Quantum‐chemical‐aided design of copolymers with tailored bandgaps and effective masses: The role of composition

Abstract

Extending a key observation made by Meyers et al. (Meyers et al., J Chem Phys, 1992, 97, 2750), a strategy for the systematic design of conducting polymers with tailor‐made bandgaps and carrier effective masses is described and quantum‐chemically implemented. Such strategy relies on the construction of alternating binary copolymers from well‐characterized parent polymers, in such a manner that those electronic parameters can be phenomenologically predicted from the composition of the copolymer. Illustrative calculations for three types of alternating copolymers built from five parent π‐conjugated polymers demonstrate the plausibility of the methodology and the internal consistency of its computational implementation. Specifically, it is shown that the bandgaps of copolymers built from parent monomers with similar chemical structures exhibit nearly linear behaviors as functions of composition, whereas the bandgaps of copolymers with dissimilar parent monomers exhibit nearly monotonic deviations from linearity.
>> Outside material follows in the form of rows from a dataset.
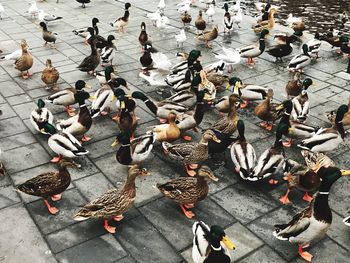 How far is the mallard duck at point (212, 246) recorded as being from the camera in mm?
4875

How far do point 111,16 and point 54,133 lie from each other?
10.3 meters

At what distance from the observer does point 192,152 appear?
23.4 feet

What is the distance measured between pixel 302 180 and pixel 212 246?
2287 mm

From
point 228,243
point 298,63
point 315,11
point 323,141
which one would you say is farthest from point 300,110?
point 315,11

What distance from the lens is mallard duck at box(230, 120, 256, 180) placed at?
6805 mm

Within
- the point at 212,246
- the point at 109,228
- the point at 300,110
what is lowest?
the point at 109,228

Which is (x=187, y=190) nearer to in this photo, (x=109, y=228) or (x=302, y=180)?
(x=109, y=228)

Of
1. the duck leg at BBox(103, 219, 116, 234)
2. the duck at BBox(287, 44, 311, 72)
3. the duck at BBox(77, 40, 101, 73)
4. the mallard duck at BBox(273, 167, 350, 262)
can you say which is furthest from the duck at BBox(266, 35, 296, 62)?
the duck leg at BBox(103, 219, 116, 234)

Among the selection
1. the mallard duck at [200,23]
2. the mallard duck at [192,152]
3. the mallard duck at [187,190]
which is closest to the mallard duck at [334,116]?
the mallard duck at [192,152]

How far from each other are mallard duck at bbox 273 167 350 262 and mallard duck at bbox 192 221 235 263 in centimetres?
99

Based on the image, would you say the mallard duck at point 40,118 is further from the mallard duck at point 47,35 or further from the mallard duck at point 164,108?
the mallard duck at point 47,35

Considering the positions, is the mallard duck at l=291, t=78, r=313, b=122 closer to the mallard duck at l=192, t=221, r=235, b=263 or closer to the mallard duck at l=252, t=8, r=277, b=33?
the mallard duck at l=192, t=221, r=235, b=263

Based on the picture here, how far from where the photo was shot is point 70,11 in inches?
685

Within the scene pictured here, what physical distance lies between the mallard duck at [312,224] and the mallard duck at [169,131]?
9.91ft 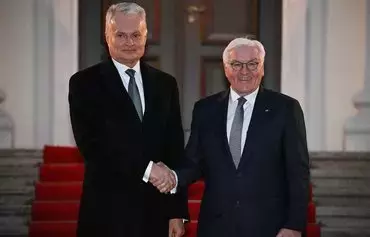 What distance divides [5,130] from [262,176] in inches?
115

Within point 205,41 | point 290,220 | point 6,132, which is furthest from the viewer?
point 205,41

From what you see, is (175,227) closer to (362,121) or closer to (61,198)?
(61,198)

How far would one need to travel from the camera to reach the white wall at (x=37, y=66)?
560 cm

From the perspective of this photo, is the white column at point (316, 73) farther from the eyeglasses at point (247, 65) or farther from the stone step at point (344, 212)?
the eyeglasses at point (247, 65)

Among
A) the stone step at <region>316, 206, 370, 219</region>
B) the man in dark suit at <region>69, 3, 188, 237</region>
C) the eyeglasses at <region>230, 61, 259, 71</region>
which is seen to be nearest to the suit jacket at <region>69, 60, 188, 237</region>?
the man in dark suit at <region>69, 3, 188, 237</region>

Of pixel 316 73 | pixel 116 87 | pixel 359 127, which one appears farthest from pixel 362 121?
pixel 116 87

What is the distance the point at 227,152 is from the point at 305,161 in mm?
324

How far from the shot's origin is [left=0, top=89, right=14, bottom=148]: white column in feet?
18.2

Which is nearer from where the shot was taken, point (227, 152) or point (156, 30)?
point (227, 152)

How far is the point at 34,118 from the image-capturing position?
18.5 ft

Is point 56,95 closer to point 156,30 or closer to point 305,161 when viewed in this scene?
point 156,30

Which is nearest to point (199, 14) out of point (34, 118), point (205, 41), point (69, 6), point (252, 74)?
point (205, 41)

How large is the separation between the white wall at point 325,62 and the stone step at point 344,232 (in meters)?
0.87

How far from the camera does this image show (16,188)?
5137 millimetres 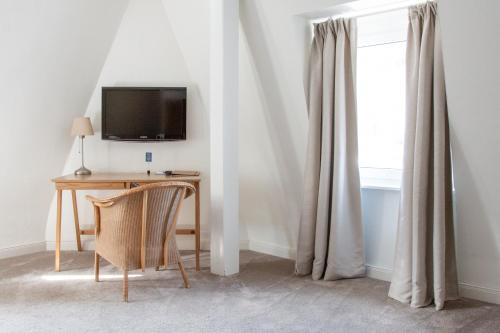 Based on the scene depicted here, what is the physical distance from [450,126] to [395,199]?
82cm

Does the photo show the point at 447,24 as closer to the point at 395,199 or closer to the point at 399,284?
the point at 395,199

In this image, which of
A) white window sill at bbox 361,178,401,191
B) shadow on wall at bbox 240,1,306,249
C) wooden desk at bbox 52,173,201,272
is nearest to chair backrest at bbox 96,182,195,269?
wooden desk at bbox 52,173,201,272

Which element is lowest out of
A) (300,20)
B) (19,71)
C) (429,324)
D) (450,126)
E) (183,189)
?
(429,324)

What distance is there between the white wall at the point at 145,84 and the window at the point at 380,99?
5.10 ft

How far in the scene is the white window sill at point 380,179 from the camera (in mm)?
4012

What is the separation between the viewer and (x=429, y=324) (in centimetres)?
314

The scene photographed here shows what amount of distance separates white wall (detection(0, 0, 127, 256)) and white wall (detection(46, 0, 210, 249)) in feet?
0.39

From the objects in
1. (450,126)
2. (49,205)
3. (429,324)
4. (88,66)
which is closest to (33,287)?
(49,205)

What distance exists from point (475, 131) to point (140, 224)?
226 cm

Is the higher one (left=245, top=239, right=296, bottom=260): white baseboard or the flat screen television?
the flat screen television

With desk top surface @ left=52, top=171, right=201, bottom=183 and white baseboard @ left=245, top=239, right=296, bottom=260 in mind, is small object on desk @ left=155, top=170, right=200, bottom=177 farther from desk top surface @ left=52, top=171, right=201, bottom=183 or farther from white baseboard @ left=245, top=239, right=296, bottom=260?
white baseboard @ left=245, top=239, right=296, bottom=260

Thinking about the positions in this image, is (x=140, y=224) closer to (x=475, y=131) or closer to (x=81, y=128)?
(x=81, y=128)

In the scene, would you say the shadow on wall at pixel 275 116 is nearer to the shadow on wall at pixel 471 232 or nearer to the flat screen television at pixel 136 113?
the flat screen television at pixel 136 113

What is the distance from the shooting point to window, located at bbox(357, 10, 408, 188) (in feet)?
13.1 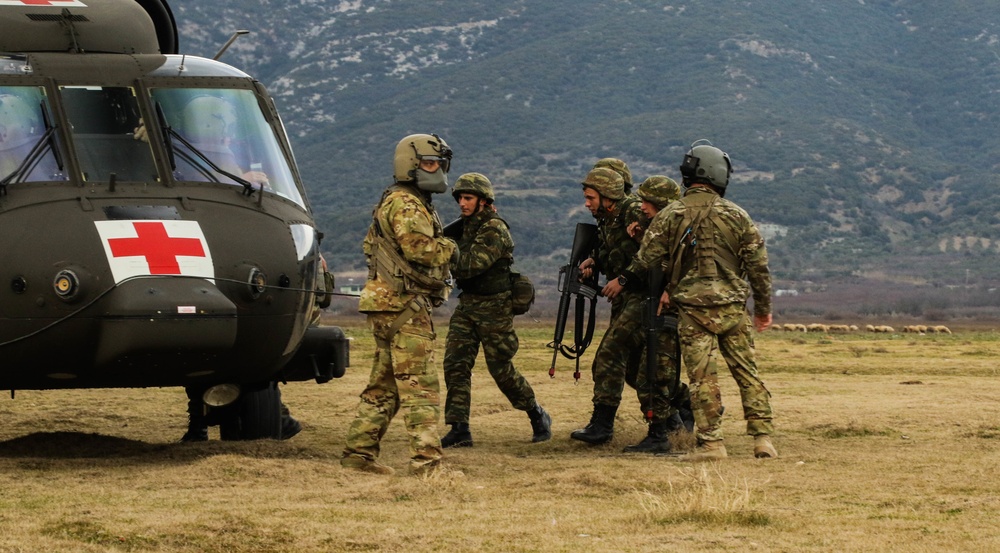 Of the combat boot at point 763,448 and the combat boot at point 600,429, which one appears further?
the combat boot at point 600,429

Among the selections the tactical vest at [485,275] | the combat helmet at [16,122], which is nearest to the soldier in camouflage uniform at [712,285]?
the tactical vest at [485,275]

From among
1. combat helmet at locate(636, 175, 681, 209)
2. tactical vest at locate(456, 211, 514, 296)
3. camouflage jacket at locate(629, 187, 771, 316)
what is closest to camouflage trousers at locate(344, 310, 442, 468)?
camouflage jacket at locate(629, 187, 771, 316)

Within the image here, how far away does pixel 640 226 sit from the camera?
38.2 ft

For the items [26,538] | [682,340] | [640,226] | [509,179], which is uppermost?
[509,179]

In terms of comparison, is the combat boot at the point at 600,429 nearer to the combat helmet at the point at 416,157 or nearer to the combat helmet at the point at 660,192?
the combat helmet at the point at 660,192

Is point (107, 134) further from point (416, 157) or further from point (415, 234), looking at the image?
point (415, 234)

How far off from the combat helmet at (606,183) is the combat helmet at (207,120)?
2.70m

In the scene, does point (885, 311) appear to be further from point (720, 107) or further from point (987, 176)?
point (720, 107)

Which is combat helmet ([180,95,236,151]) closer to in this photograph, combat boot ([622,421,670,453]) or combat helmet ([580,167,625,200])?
combat helmet ([580,167,625,200])

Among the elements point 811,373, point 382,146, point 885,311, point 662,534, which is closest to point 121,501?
point 662,534

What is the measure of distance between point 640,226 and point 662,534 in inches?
179

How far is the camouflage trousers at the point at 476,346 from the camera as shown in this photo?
11875mm

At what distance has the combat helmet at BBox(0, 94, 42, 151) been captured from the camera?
382 inches

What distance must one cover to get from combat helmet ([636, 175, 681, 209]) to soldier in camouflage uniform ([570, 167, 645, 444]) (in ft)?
0.51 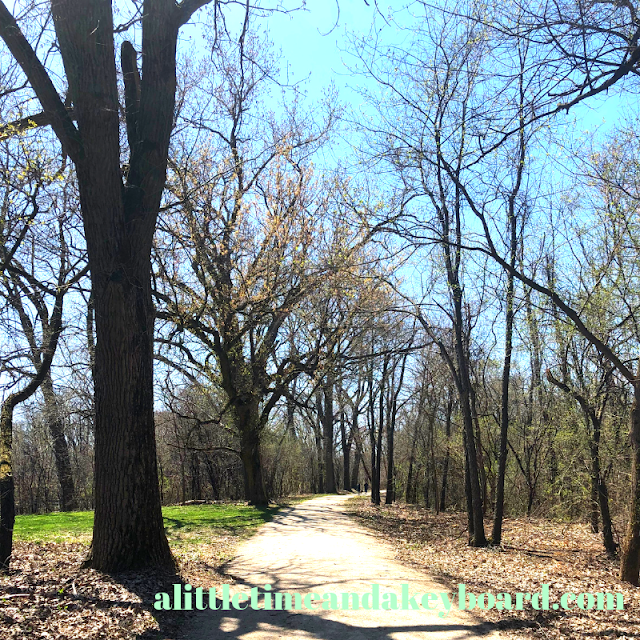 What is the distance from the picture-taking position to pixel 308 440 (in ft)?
141

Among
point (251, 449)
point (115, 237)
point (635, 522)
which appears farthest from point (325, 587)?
point (251, 449)

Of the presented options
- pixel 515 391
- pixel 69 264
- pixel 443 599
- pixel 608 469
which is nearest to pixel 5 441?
pixel 69 264

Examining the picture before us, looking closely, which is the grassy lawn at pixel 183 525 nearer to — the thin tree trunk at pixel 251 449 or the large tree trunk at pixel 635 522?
the thin tree trunk at pixel 251 449

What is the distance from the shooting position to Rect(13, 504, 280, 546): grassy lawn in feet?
31.0

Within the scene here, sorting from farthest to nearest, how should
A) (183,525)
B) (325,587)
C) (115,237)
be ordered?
(183,525), (115,237), (325,587)

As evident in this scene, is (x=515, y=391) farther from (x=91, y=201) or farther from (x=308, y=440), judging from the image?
(x=308, y=440)

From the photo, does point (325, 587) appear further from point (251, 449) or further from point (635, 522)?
point (251, 449)

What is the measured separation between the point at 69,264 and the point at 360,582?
7.82 m

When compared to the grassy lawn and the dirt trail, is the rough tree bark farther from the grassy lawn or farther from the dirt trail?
the grassy lawn

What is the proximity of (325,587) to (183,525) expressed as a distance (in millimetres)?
7288

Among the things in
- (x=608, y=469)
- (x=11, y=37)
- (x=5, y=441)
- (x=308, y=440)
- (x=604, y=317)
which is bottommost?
(x=308, y=440)

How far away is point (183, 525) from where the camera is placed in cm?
1247

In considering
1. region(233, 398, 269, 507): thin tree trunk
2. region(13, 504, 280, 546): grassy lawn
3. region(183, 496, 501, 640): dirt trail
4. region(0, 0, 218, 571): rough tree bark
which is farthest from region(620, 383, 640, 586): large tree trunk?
region(233, 398, 269, 507): thin tree trunk

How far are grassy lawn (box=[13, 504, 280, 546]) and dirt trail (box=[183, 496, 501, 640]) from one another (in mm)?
1281
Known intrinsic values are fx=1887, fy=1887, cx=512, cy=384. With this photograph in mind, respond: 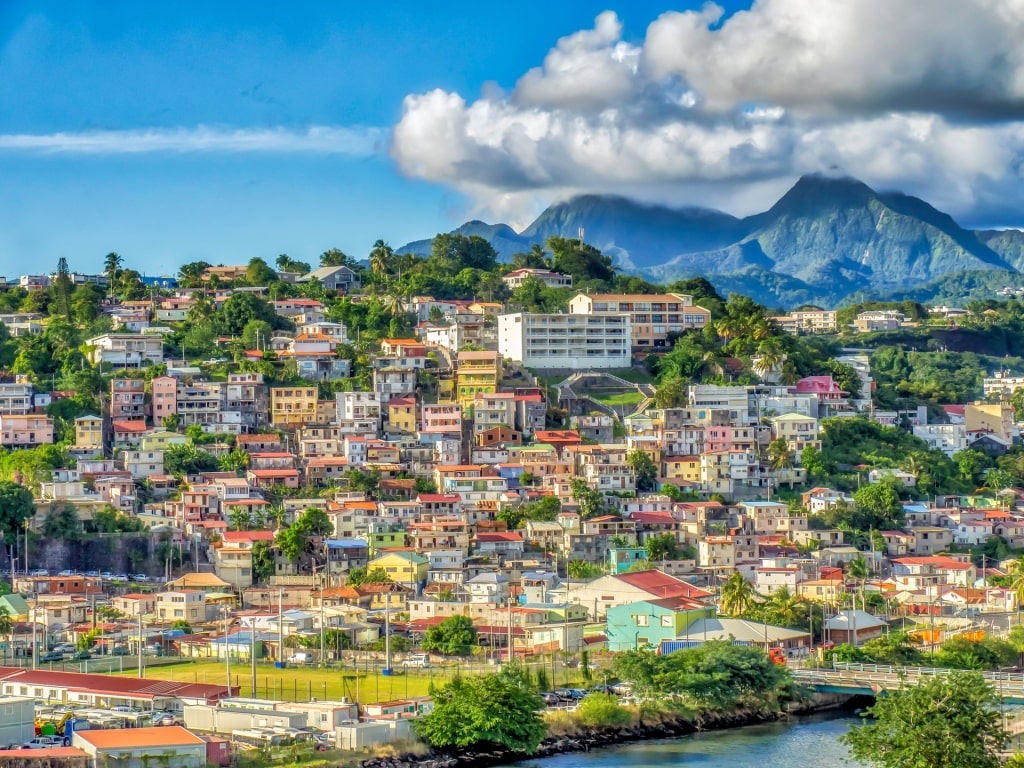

On the other hand, the electron and hole effective masses of copolymers with similar parent monomers do not show a significant dependence on composition, whereas for copolymers with dissimilar parent monomers these quantities also display nearly monotonic deviations from linearity. A qualitative rationalization of these trends in terms of the strengths of the inter‐parent–monomer interactions, which bears an intriguing resemblance to the behavior of the vapor pressure of binary solutions, is provided.